**Task directions**
Retype only the lines below from the one with "Dragons Bags ln Luxury Bag --77032" to the one with "Dois mil brasileiros", inclusive, skipping every image.

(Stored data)
+ + + +
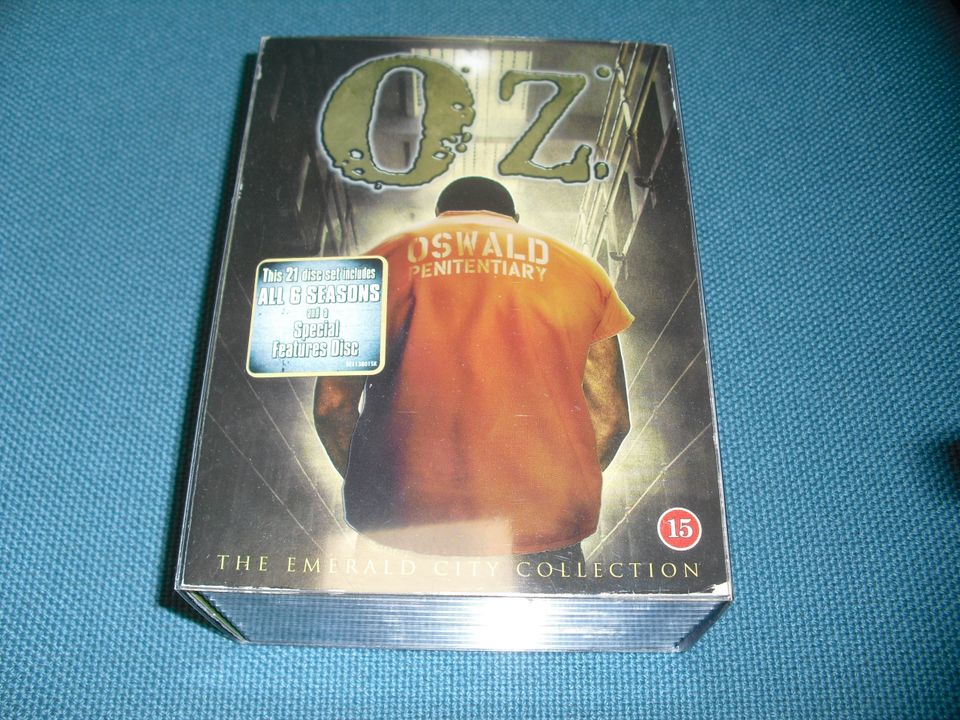 OZ - KYLMÄ RINKI (koko sarja) DVD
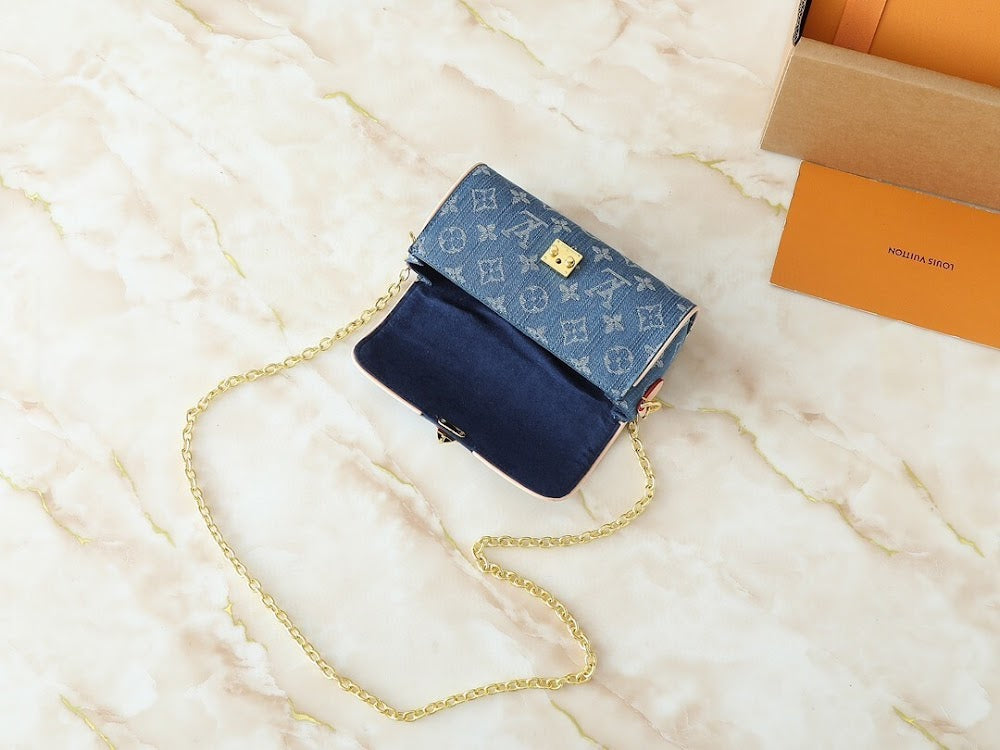 Dragons Bags ln Luxury Bag --77032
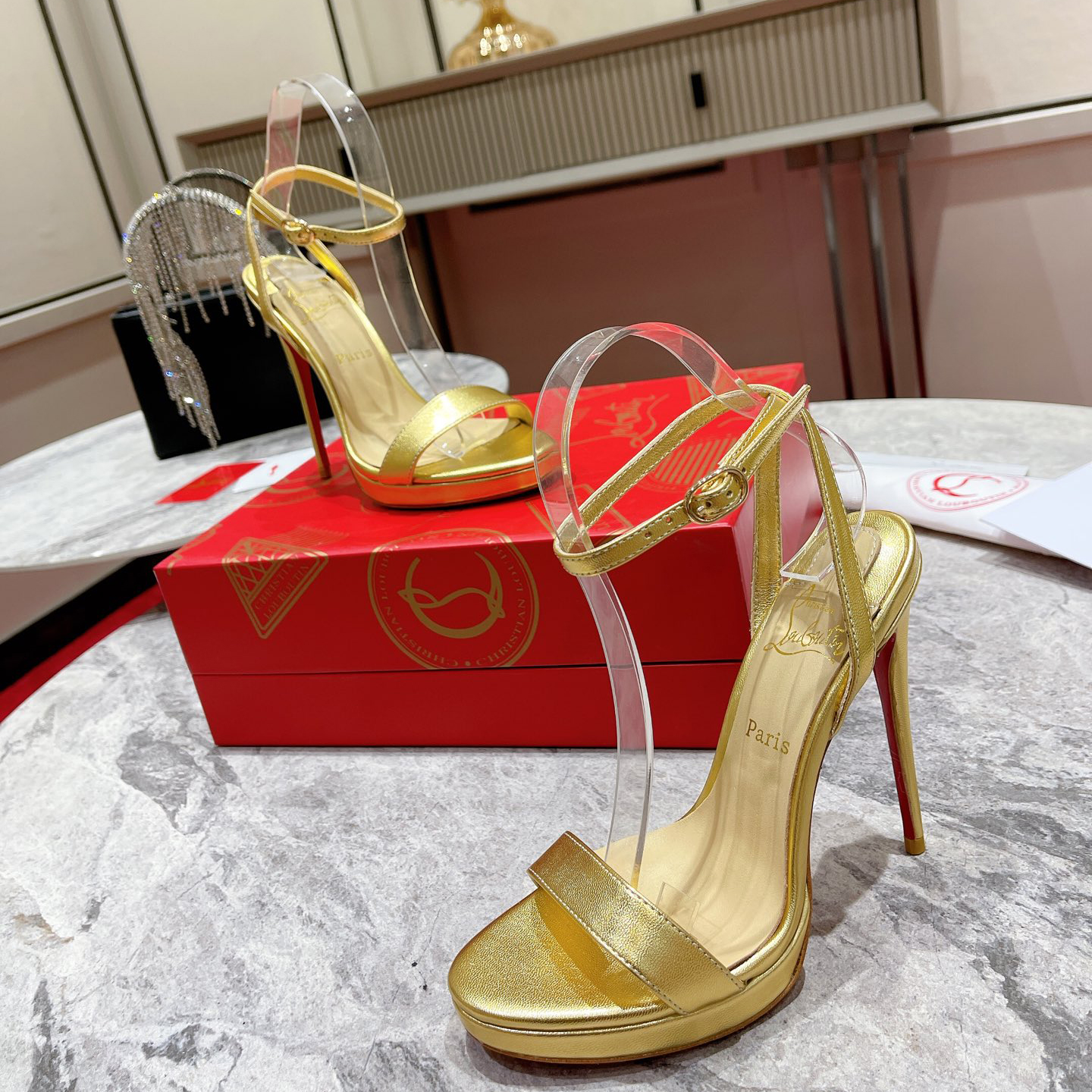 Christian Louboutin   Loubi Queen Sandal(12CM) - PerfectKickZ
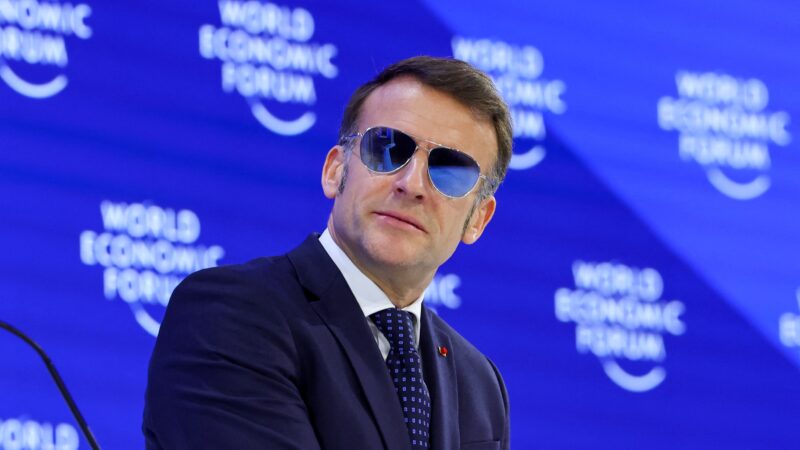 Visual de Macron em Davos impulsiona ações de fabricante de óculos em 4 milhões de dólares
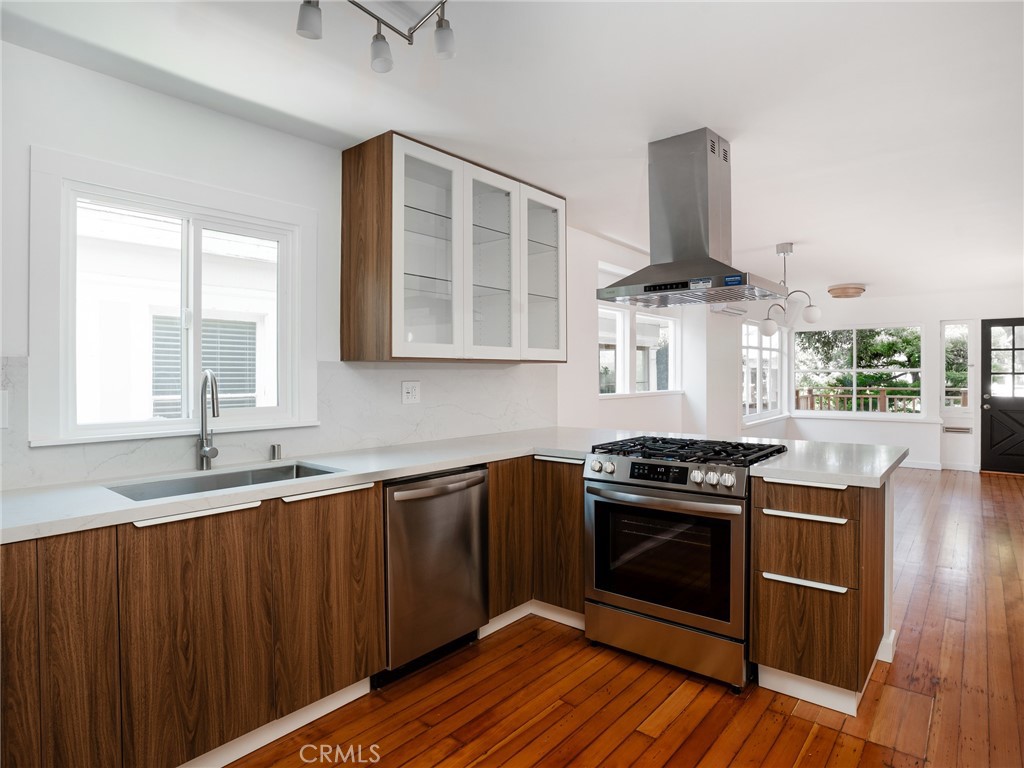 58 Ozone Ave
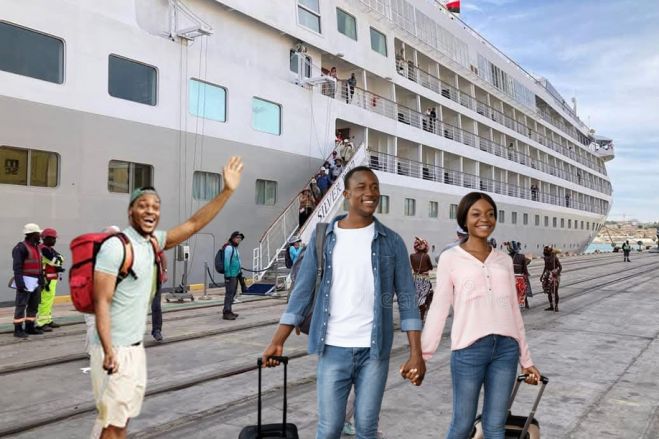 Dois mil brasileiros vão de barco até Angola num travessia para recuperar o que perderam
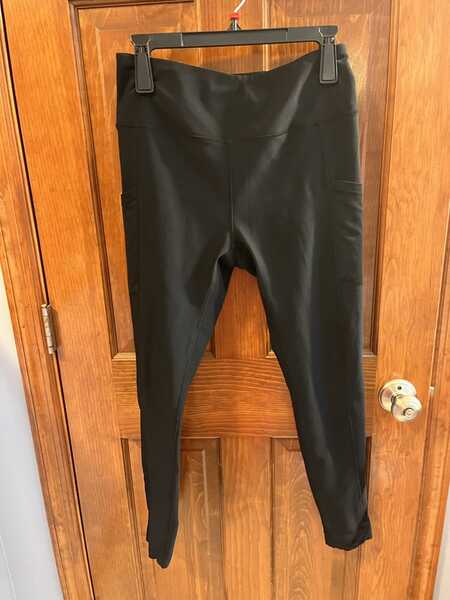 Women's Black Mondetta High Rise Exercise, Active Wear, Athletic Pants,  Leggings (Medium) For $25 In St. Peters, MO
+ + + +
**Worked solution**
 Dragons Bags ln Luxury Bag --77032
 Christian Louboutin   Loubi Queen Sandal(12CM) - PerfectKickZ
 Visual de Macron em Davos impulsiona ações de fabricante de óculos em 4 milhões de dólares
 58 Ozone Ave
 Dois mil brasileiros vão de barco até Angola num travessia para recuperar o que perderam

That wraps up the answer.